Audiences hold their breath whenever Mr. Biden speaks. “I want to thank the prime minister for Colombia’s leadership,” he said last week in Cambodia. Days earlier he mentioned Russian forces “pulling back from Fallujah,” which was a flashback to the Iraq war. Last month he said Democrats campaigning during 2018 “went to 54 states”—which is two more states than even progressives want to create.
Modern politicians practically live on TV, and they all goof, but that defense only goes so far. Barack Obama said in 2008 he’d campaigned “in 57 states.” George W. Bush’s verbal slips are easy to misunderestimate. But Mr. Biden is obviously showing his age, and anyone who doubts it should watch 10 minutes of his aggressive 2012 vice presidential debate with Paul Ryan.

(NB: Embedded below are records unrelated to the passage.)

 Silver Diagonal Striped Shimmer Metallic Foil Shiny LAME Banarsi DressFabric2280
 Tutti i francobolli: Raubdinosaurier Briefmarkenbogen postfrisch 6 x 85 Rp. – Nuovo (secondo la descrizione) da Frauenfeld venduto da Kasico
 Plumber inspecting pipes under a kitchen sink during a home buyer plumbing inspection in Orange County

During the 2020 campaign, Mr. Biden was protected by the media. Now he’s being protected by the White House. But there is no way to shield a President when he sits down, one on one, with China’s Xi Jinping or Russia’s Vladimir Putin. The world is entering a dangerous period, with rogues on the march. “If I were just 80 years old,” Jimmy Carter said at age 94, “I don’t believe I could undertake the duties I experienced when I was President.”
Mr. Biden might think he has no choice but to run in 2024, because Donald Trump is doing it, and Democrats have no obvious popular successor. In part that’s Mr. Biden’s fault. He picked his Vice President for the wrong reasons, based on identity politics. Kamala Harris’s approval rating is 40%, worse than Mr. Biden’s or Mr. Trump’s. If Mr. Biden opts to retire, the Democratic primary will probably be a free for all, with Ms. Harris merely one contender.

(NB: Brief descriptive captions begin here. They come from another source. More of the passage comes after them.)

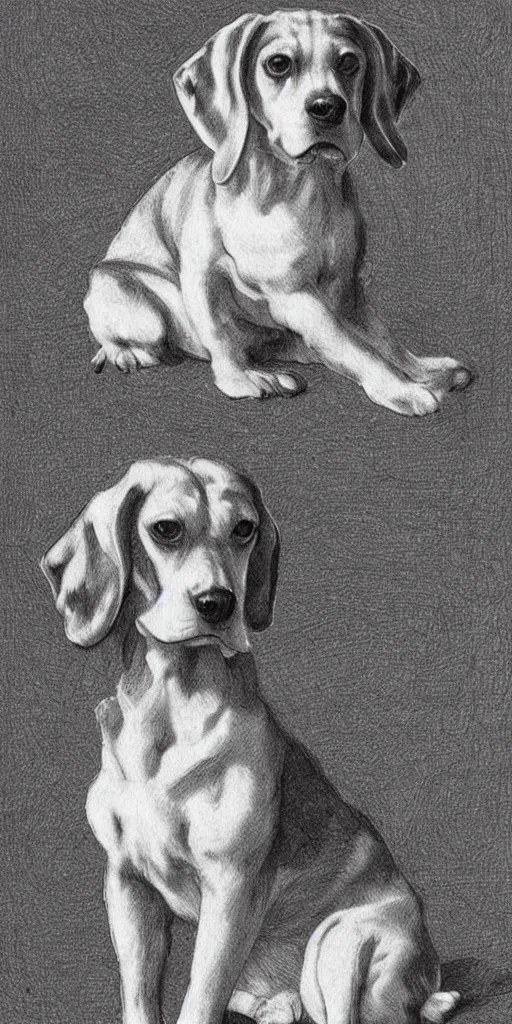 Image similar to sitting beagle, artist sketch, Michelangelo, beautiful composition, masterpiece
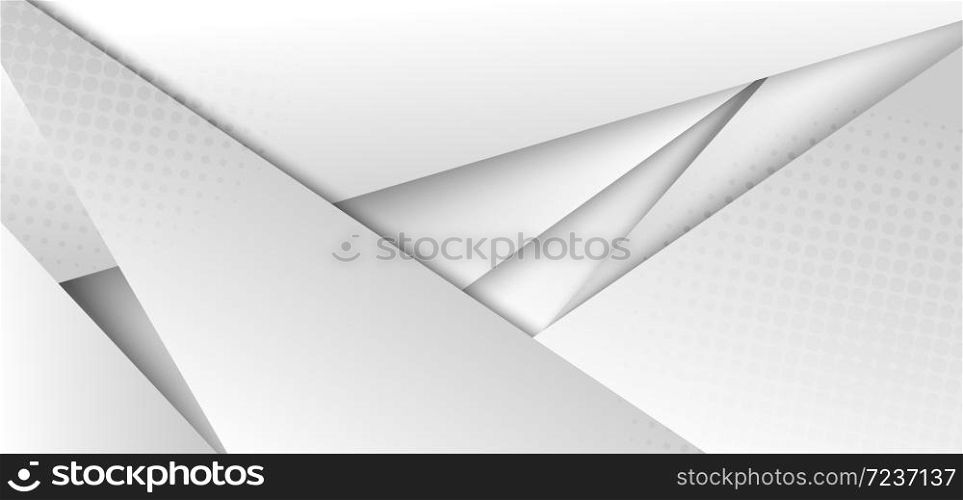 Abstract modern futuristic white and gray gradient color geometric background with halftone. You can use for banner web, header, business card. etc. Vector illustration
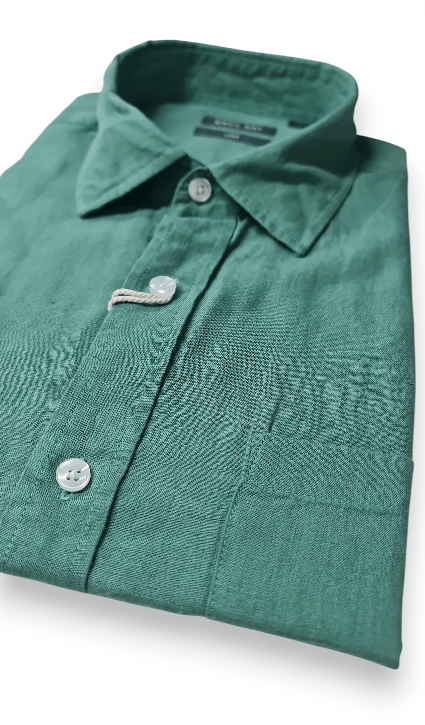 Back Bay Mens Linen Plain Short Sleeve Shirt - Evergreen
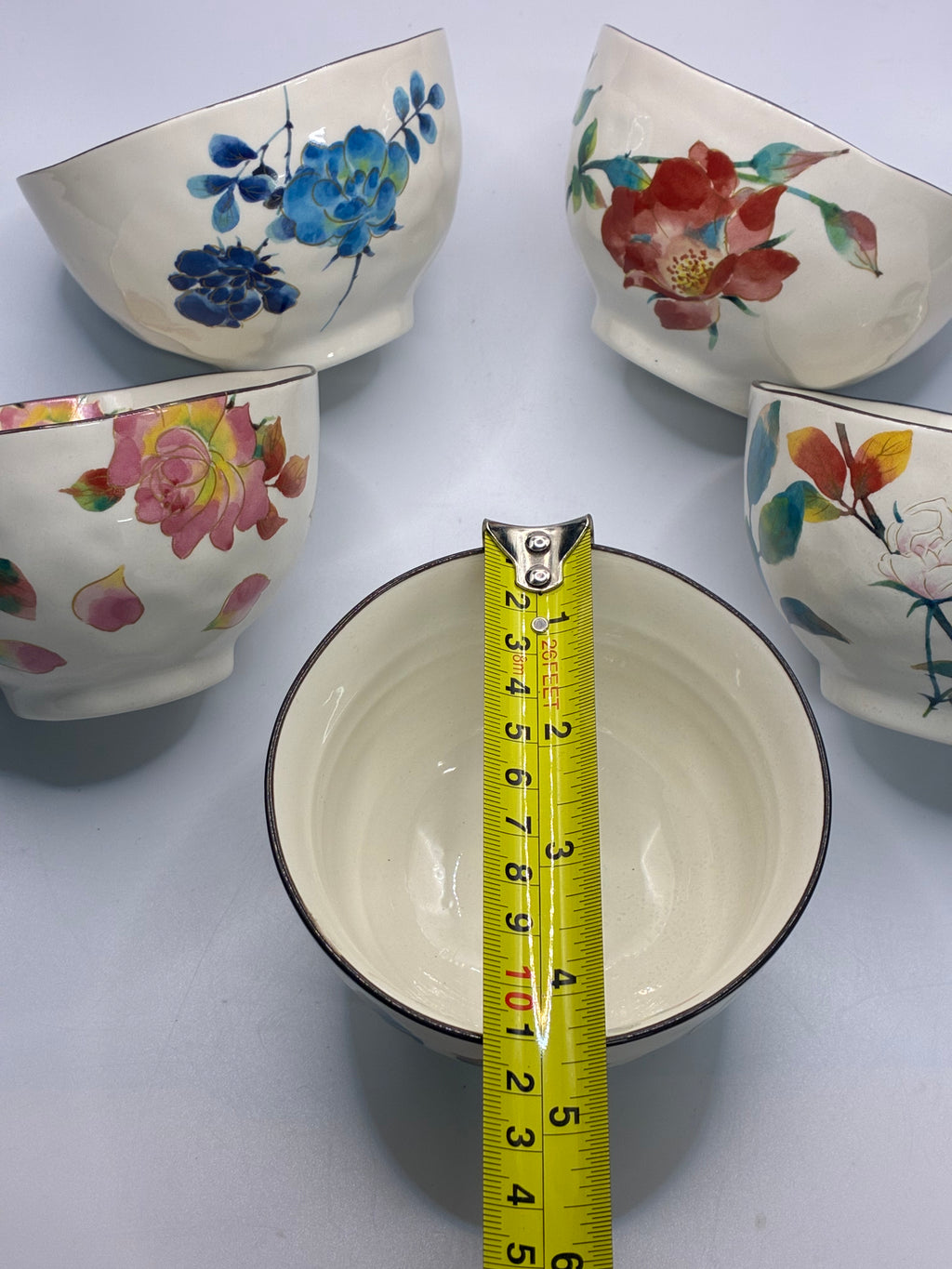 Mino Ware Floral Ceramic Bowl Set (5-Piece) – Japanese Style Tableware
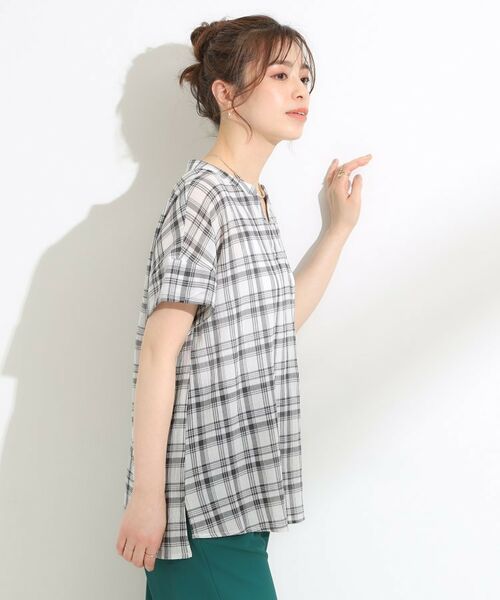 SHOO・LA・RUE / シューラルー シャツ・ブラウス | 【S-LL】きれいに体型カバー さらシャリコットン スキッパーシャツ | 詳細2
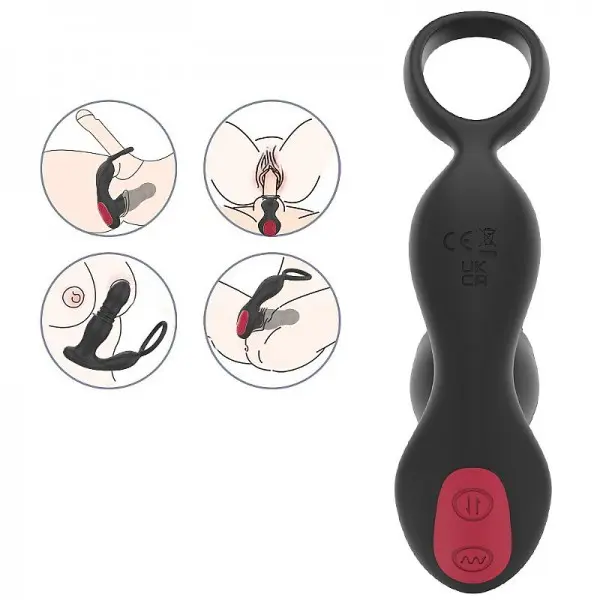 Estimulador de Próstata com Anel Peniano e Movimento de Vai e vem Rocky RCT Estimulador de Próstata com Anel Peniano e Movimento de Vai e vem Rocky RCT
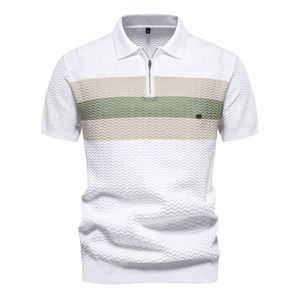 Polo de Golf de manga corta sólido elástico de alta calidad para hombre, calcomanías bordadas de punto antiarrugas informales con botones impresos - Product Image 2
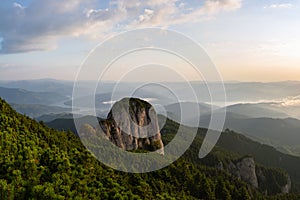 Majestic sunrise over Ceahlau National Park, Romania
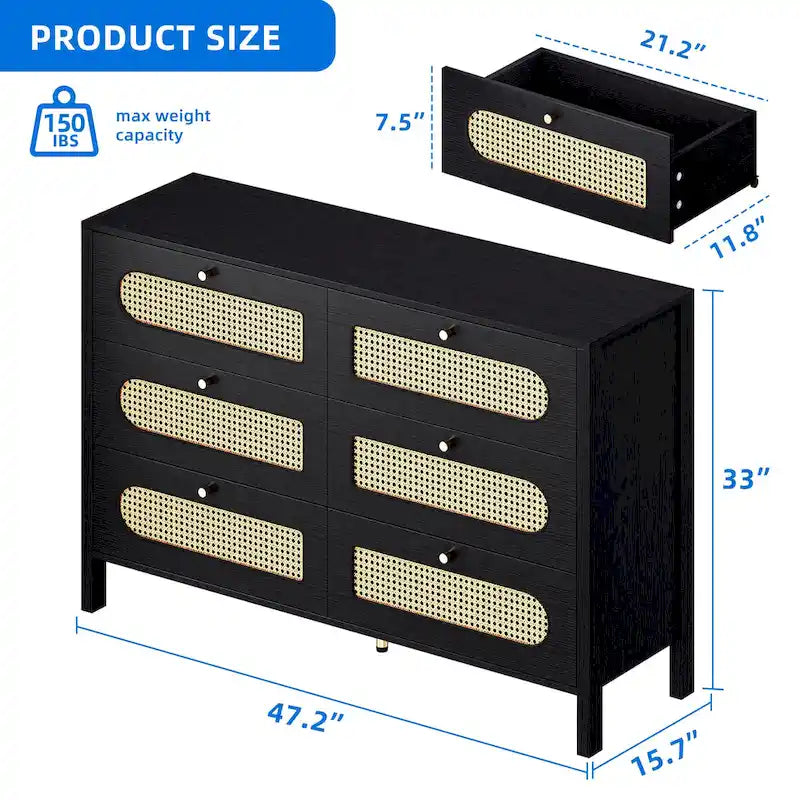 Commode double à 6 tiroirs en rotin Moasis avec meuble de rangement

But that would be politically healthy. The GOP appears set in 2024 for a vigorous argument about whether Mr. Trump, who’s now 76, should get another shot at the White House. Democrats need a similar debate about Mr. Biden.

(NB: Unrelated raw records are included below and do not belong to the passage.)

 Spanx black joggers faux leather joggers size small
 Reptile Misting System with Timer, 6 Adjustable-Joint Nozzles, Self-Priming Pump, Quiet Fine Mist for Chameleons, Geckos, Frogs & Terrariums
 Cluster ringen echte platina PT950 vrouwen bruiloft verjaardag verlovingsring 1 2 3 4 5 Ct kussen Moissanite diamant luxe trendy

The 1960 election was a generational shift, when John F. Kennedy became the first President born in the 20th century. Ditto for 1992, when the Boomers shoved aside their elders who’d lived through World War II and the Great Depression. Maybe 2024 will be Gen X’s turn. Gavin Newsom is 55. Ron DeSantis is 44.
***
For all that has changed since the Psalmist, 80 is still old. Konrad Adenauer was West German chancellor until 87, but in unique circumstances, 1949-63. Two years from 2024, voters already are thinking about it. In a recent poll, 68% percent say Mr. Biden might not be up to another term, and 86% think the presidential cutoff should be 75 or younger. Mr. Biden is asking for political trouble if he ignores such numbers, and Democrats owe the country better than to try to coast with him into the sunset.